A professora, por sua vez, lembra que a dança não é estática. “A dança é vida. E, como a vida, ela nunca fica parada no tempo: vai se modificando. Claro que precisamos preservar a movimentação essencial. É como no vôlei: você não consegue jogar se não souber fazer uma manchete, um toque ou um saque. Na dança é a mesma coisa – existem movimentos básicos que sempre estarão presentes, servindo de ligação.”
E, como a vida, a dança também se renova em linguagem e papéis. “Hoje, por exemplo, já não usamos mais os termos ‘cavalheiros e damas’. Agora falamos em ‘condutor e conduzido’, ou ‘líder e follower’. Além disso, há a possibilidade de compartilhar a condução: quem conduz e quem é conduzido podem trocar de papel livremente, sem julgamentos”, informa.
Silvana defende que a gafieira deveria estar nas escolas, ser apresentada às crianças desde cedo. Mas reconhece: “Hoje vemos uma grande defasagem, especialmente entre os homens – há muito mais mulheres procurando aprender. Além disso, os jovens acabam se afastando, em grande parte por causa da sedução exercida pelo forró.”
Ainda assim, a professora guarda consigo a lembrança do seu próprio encontro com a dança: “Eu sempre quis muito aprender o samba de gafieira, mas aqui na cidade eu não via essa possibilidade. Ele representou, para mim, um encontro artístico.”
A paixão, que nasceu como um sonho pessoal, se espalhou pela família. Lia, sua filha, trilhou o caminho da música e se tornou professora de forró. Já Davi, sempre ao lado da mãe, encontrou na dança de salão uma forma de expressão e alegria compartilhada.

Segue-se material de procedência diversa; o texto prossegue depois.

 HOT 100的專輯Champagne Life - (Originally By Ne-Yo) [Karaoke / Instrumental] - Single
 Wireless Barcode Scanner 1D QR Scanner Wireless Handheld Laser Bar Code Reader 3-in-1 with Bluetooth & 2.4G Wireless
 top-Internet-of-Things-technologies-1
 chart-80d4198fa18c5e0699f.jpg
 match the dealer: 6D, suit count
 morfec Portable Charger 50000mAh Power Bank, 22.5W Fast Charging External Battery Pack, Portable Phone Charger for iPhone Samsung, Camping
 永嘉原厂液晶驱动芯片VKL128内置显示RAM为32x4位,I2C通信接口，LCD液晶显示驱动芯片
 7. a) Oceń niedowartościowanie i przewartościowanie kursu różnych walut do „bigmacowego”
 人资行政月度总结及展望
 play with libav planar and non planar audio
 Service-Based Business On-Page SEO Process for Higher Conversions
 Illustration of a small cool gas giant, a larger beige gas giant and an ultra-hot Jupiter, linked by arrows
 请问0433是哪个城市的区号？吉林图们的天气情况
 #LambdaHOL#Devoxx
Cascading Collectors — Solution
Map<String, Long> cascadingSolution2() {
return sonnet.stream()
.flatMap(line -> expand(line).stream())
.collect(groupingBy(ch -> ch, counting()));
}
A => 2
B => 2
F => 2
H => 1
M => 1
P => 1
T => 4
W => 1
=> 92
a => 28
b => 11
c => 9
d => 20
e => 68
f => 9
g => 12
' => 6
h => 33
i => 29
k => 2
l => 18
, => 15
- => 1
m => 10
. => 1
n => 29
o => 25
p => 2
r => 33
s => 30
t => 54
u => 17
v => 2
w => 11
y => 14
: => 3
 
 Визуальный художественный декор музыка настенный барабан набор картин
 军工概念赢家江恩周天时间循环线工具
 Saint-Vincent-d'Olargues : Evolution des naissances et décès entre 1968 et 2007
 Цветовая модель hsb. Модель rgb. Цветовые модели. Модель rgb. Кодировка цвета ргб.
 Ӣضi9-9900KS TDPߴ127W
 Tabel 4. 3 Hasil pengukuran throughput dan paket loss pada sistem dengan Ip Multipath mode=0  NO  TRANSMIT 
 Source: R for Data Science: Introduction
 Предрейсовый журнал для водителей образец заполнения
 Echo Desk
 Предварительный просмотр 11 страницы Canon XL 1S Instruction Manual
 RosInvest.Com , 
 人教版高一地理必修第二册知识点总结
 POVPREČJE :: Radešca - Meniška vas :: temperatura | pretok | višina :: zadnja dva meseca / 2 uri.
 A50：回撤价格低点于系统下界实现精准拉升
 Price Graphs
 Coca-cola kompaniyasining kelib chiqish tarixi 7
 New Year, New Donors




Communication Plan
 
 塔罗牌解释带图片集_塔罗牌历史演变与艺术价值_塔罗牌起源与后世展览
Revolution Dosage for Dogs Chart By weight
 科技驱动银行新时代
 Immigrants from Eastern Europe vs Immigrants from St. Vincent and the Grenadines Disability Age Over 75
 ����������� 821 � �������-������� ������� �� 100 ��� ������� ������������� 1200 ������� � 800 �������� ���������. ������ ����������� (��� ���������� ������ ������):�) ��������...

Silvana conta que Davi tem Síndrome de Down e que, com amor e passos compassados, a dança ajudou em sua formação e seu desenvolvimento. Orgulhosa, ela lembra que o filho sempre a acompanhou, transformando cada ensaio em aprendizado e cada compasso em conquista. Hoje, ele não apenas segue seus passos, mas os transforma em música própria.
Assim, no balanço da gafieira, mãe e filho dançam juntos uma coreografia que ultrapassa o salão. É a dança que se converte em afeto, é o ritmo que se faz vida. Porque, no fundo, o que eles compartilham não é apenas o movimento dos corpos, mas a poesia silenciosa de um amor que dança.